US stock market sees $8.5B outflow as investors pump the brakes on AI-fueled rally
Technology funds alone shed a record $9.3 billion in a single week, marking the first net outflow from US equities since March
For months, money poured into US stocks like water through a fire hose. That hose just kinked.
US equity funds recorded $8.5 billion in net outflows for the week ending June 24, according to a Bank of America report citing EPFR Global data. It’s the first weekly outflow since March, and the timing is hard to ignore.
The bigger story sits underneath that headline number. Technology funds, the darlings of the AI-driven rally, saw a staggering $9.3 billion in outflows during the same week. That’s a record. Not a “big week” or a “notable pullback.” A record.
The AI trade hits a wall
Prior to this outflow, significant inflows had been flooding into tech and AI-themed products. Going from heavy buying to record selling in the span of days suggests something shifted in the collective investor psyche.
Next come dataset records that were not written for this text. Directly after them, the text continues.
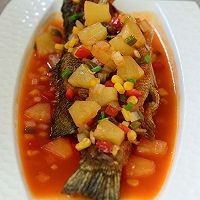 在家制作美味的五彩糖醋鱼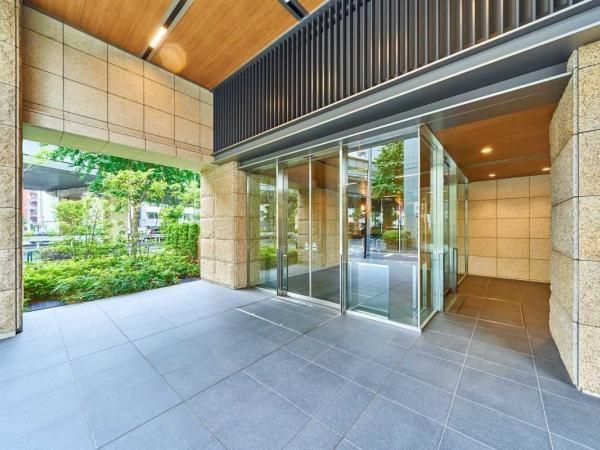 80m2 1LDK Apartment for Sale in Minami Aoyama, Minato-ku, Tokyo - Thumbnail 4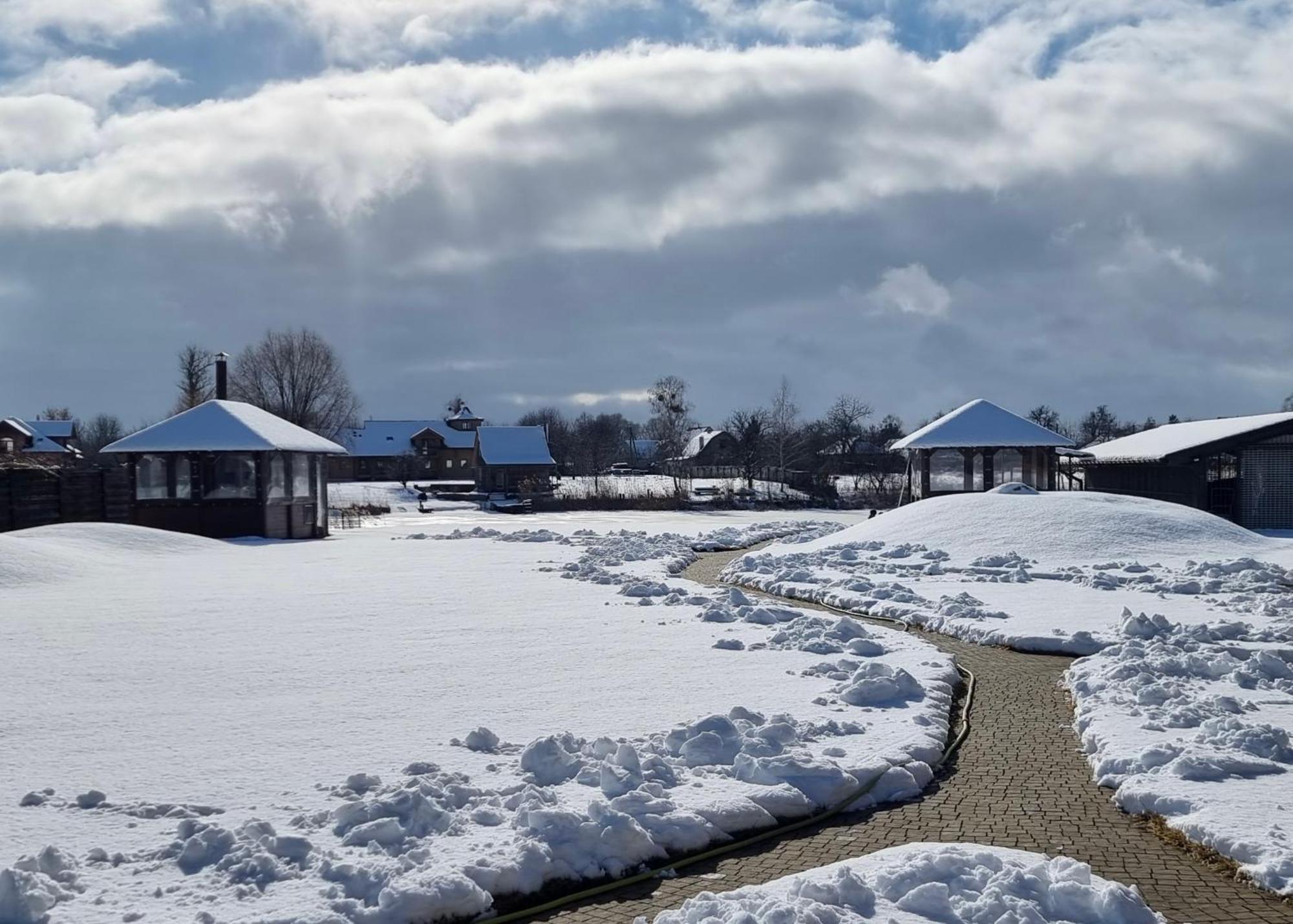 Eden Resort Yasnogorodka  المظهر الخارجي الصورة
Historical patterns show that initial outflows following extended inflow periods frequently precede increased choppiness and sector rotation.
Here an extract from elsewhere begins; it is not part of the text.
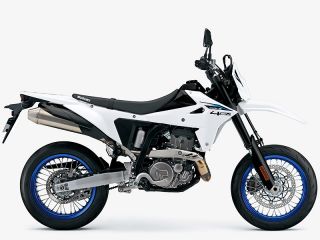 2025年 DR-Z4SM（サイドビュー）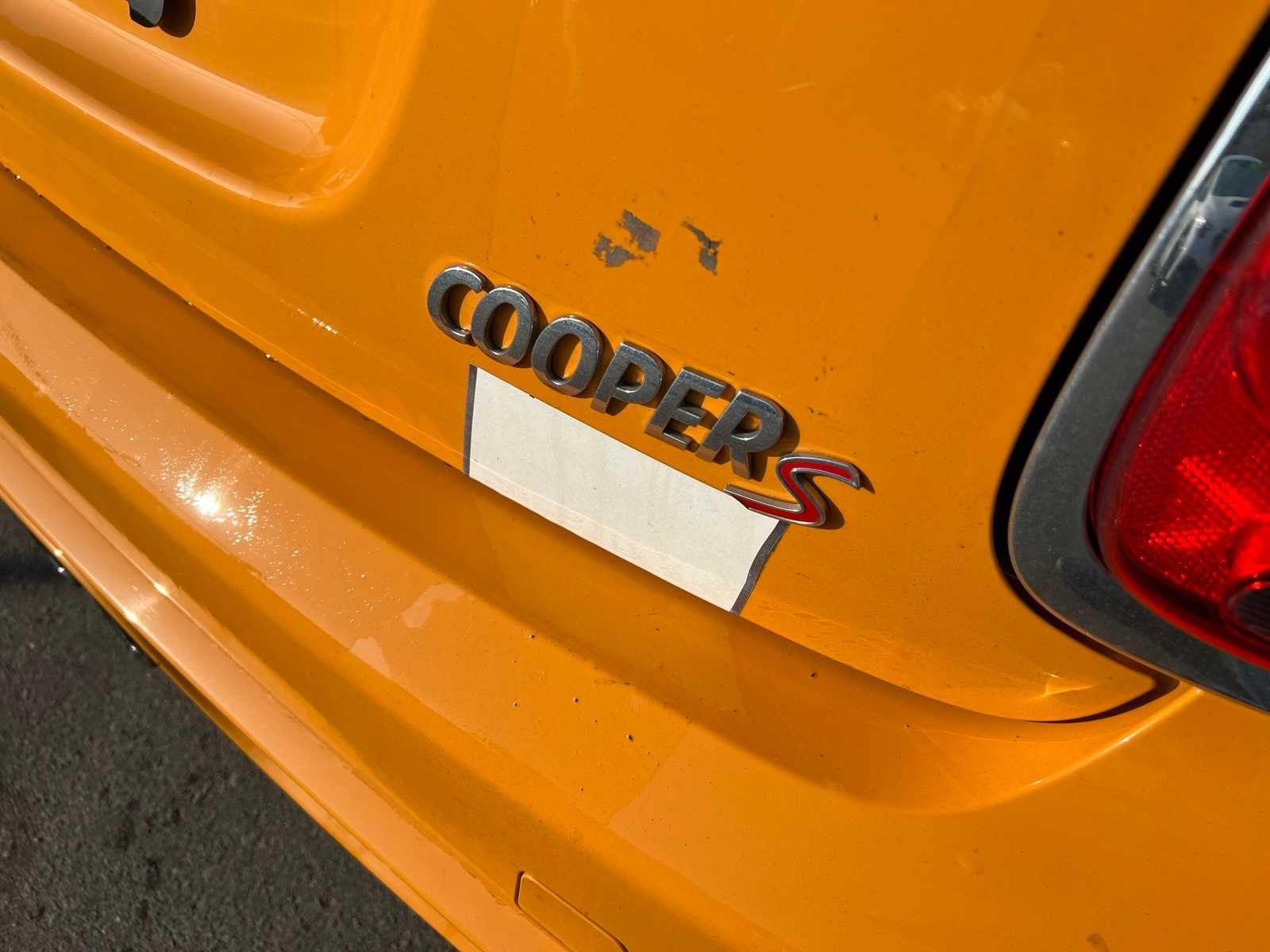 Thumbnail: 2017 MINI Cooper Hardtop - 6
Crypto feels the chill too
The risk-off mood isn’t confined to traditional equities. Around the same period, both Bitcoin and Ethereum ETFs also experienced notable outflows, suggesting the de-risking impulse is cutting across asset classes.
What this means for investors
A single week of outflows does not make a trend. March saw outflows too, and the market rallied afterward. But record tech fund outflows specifically suggest that the biggest, most crowded trade of the year is getting unwound. Tech’s weighting in major indices means its performance drags or lifts the entire market.
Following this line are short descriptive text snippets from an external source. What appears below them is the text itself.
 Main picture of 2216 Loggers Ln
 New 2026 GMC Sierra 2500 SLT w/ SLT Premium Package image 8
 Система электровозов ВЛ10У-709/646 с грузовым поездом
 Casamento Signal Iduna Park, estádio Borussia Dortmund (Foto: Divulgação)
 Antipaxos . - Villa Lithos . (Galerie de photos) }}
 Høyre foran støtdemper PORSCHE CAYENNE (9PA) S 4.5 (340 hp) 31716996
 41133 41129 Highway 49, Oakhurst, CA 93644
Summer trading volumes are historically lower, which means these outflows hit harder. Less liquidity means each dollar of selling pressure moves prices more.
Analysts will be watching next week’s flow data closely. If outflows accelerate, the “risk-off summer” thesis gains significant credibility. Given the magnitude, specifically the record-breaking nature of the tech fund exits, treating this as noise rather than signal would require a level of optimism that the data doesn’t currently support.